Get Current Metrics Config
GET http://<gpustack_server_host>:<gpustack_server_port>/v1/metrics/config
Returns the current metrics mapping configuration in JSON format.
Update Metrics Config
POST http://<gpustack_server_host>:<gpustack_server_port>/v1/metrics/config
Accepts a JSON payload to update the metrics mapping configuration.
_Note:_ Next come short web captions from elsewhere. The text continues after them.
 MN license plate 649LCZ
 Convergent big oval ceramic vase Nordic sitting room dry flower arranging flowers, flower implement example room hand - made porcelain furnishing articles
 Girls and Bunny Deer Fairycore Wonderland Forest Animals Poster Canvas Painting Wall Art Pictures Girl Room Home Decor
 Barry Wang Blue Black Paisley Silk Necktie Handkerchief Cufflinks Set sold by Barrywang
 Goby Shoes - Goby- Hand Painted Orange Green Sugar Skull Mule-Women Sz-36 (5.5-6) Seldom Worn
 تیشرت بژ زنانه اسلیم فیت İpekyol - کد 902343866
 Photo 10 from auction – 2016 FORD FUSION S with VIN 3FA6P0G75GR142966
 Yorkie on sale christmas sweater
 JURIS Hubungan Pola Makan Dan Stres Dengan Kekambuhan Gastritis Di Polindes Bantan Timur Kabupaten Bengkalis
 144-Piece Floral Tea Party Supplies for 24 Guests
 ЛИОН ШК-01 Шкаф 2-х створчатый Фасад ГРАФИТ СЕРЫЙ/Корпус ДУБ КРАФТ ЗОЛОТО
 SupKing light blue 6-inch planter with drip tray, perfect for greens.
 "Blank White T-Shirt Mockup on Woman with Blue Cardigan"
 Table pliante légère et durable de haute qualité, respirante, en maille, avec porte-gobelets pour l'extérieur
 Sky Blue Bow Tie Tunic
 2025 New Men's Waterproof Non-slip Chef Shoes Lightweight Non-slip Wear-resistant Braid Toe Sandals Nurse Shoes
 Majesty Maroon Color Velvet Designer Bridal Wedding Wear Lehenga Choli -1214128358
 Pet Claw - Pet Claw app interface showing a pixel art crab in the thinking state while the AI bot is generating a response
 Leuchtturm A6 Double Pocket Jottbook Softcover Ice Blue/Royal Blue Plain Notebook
Changes take effect immediately for all workers.
Get Default Metrics Config
GET http://<gpustack_server_host>:<gpustack_server_port>/v1/metrics/default-config
Returns the default metrics mapping configuration in JSON format, useful for reference or resetting.

Example Usage

Get current config:

curl http://<gpustack_server_host>:<gpustack_server_port>/v1/metrics/config

Update config:

curl -X POST http://<gpustack_server_host>:<gpustack_server_port>/v1/metrics/config \
     -H "Content-Type: application/json" \
     -d @custom_metrics_config.json

(where custom_metrics_config.json is your new config file)

Get default config:

curl -X POST http://<gpustack_server_host>:<gpustack_server_port>/v1/metrics/default-config

Note: The configuration should be provided in valid JSON format.